Pertama, sebagaimana yang kita saksikan belakangan, relawan dan pendukung Ganjar Pranowo sudah tidak seagresif awal tahun lalu dalam mempromosikan Ganjar Pranowo sebagai bakal calon presiden yang jauh lebih layak secara elektoral dibanding Puan Maharani.
Kedua, relasi Jokowi dan Megawati terlihat semakin hangat dan mesra, seolah-olah tidak ada lagi perbedaan politik antara kedua pihak terkait dengan calon presiden yang akan menggantikan Jokowi untuk periode selanjutnya.
Sebenarnya kehangatan hubungan kedua pihak bisa saja dimaknai bahwa Jokowi, yang selama ini cenderung dilihat publik sebagai sosok King Maker yang mengantongi nama calon presiden sendiri, sudah menerima keinginan Megawati terkait dengan calon presiden.
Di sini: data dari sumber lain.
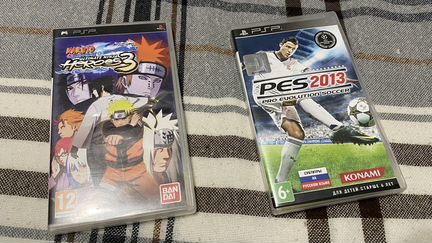Игры для PSP: Naruto Heroes 3, PES2013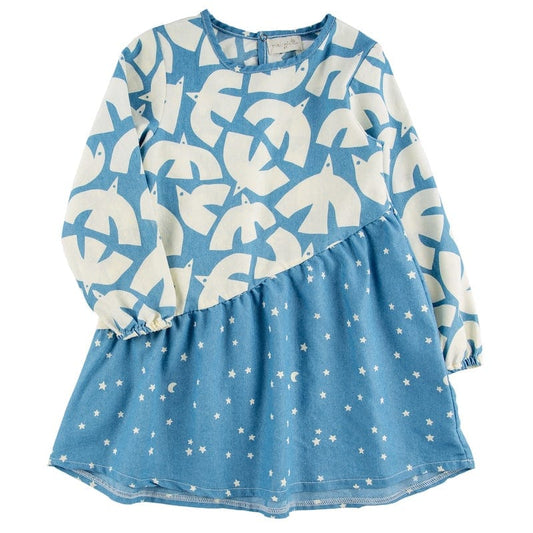 Nordic Sky | Lyla Woven Dress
Namun nampaknya pemaknaan seperti itu agak kurang kontekstual dengan dinamika politik yang ada. Selama ini, suasana penentuan bakal calon presiden di PDIP menjadi ramai karena adanya nama Ganjar yang digadang-gadang sebagai calon presiden besutan Jokowi.
Artinya, suasana politik di dalam PDIP menjadi panas bukan karena Puan, yang konon dikabarkan sebagai bakal calon presiden versi Megawati, tapi karena hadirnya nama lain yang cukup kuat secara elektoral selain Puan, yakni Ganjar.
Bahkan tidak jarang para petinggi PDIP merasa terganggu dengan para pendukung Ganjar, sampai muncul istilah Dewan Kolonel versus Dewan Kopral.
Jadi, saat situasi berubah menjadi tenang dan hubungan Megawati-Jokowi semakin membaik, sangat besar kemungkinannya bahwa sang penantang Puan tidak lagi melakukan tekanan politik ke dalam.
Hal itu terjadi bisa karena pihak yang menekan ke dalam kalah kuat atau bisa pula terserap dengan baik karena satu dan lain hal.
Dalam hal ini, saya lebih cenderung memilih pemaknaan kedua di mana Ganjar, berkat dukungan penuh Jokowi, terserap ke dalam.
Ketiga adalah soal kepastian Anies Baswedan menjadi calon presiden dari Koalisi Perubahan. Keberhasilan Surya Paloh dan Partai Nasdem mengusung Anies dan berbuah koalisi tiga partai, Partai Nasdem, Partai Demokrat, dan PKS, memberi kepastian kepada Jokowi dan Megawati bahwa calon presiden dari PDIP harusnya calon yang bisa mengalahkan Anies secara elektoral.
Tidak terelakkan, sosok yang paling sering mengalahkan Anies di survei-survei politik yang ada adalah Ganjar.
Jajak pendapat Litbang Kompas Januari 2023, menunjukkan bahwa elektabilitas calon presiden (capres) tertinggi masih diduduki oleh Ganjar, disusul Prabowo Subianto, dan Anies.
Dan jika dihadap-hadapkan antara Ganjar dan Anies, hasilnya cukup meyakinkan, Ganjar mengantongi angka 60,2 persen melawan Anies dengan angka 39,8 persen.
Karena bagaimanapun, cara terbaik untuk mengetahui kandidat terbaik adalah dengan melihat raihan hasil survei. Pasalnya, survei adalah gambaran dan indikasi dari dukungan publik yang dimiliki oleh sang kandidat.
Faktanya selama ini, di era demokrasi modern, indikasi tersebut memang biasanya berasal dari hasil survei. Jamak di negara-negara demokrasi bahwa kandidat yang dimunculkan oleh satu atau beberapa partai adalah kandidat yang memiliki data hasil survei tertinggi.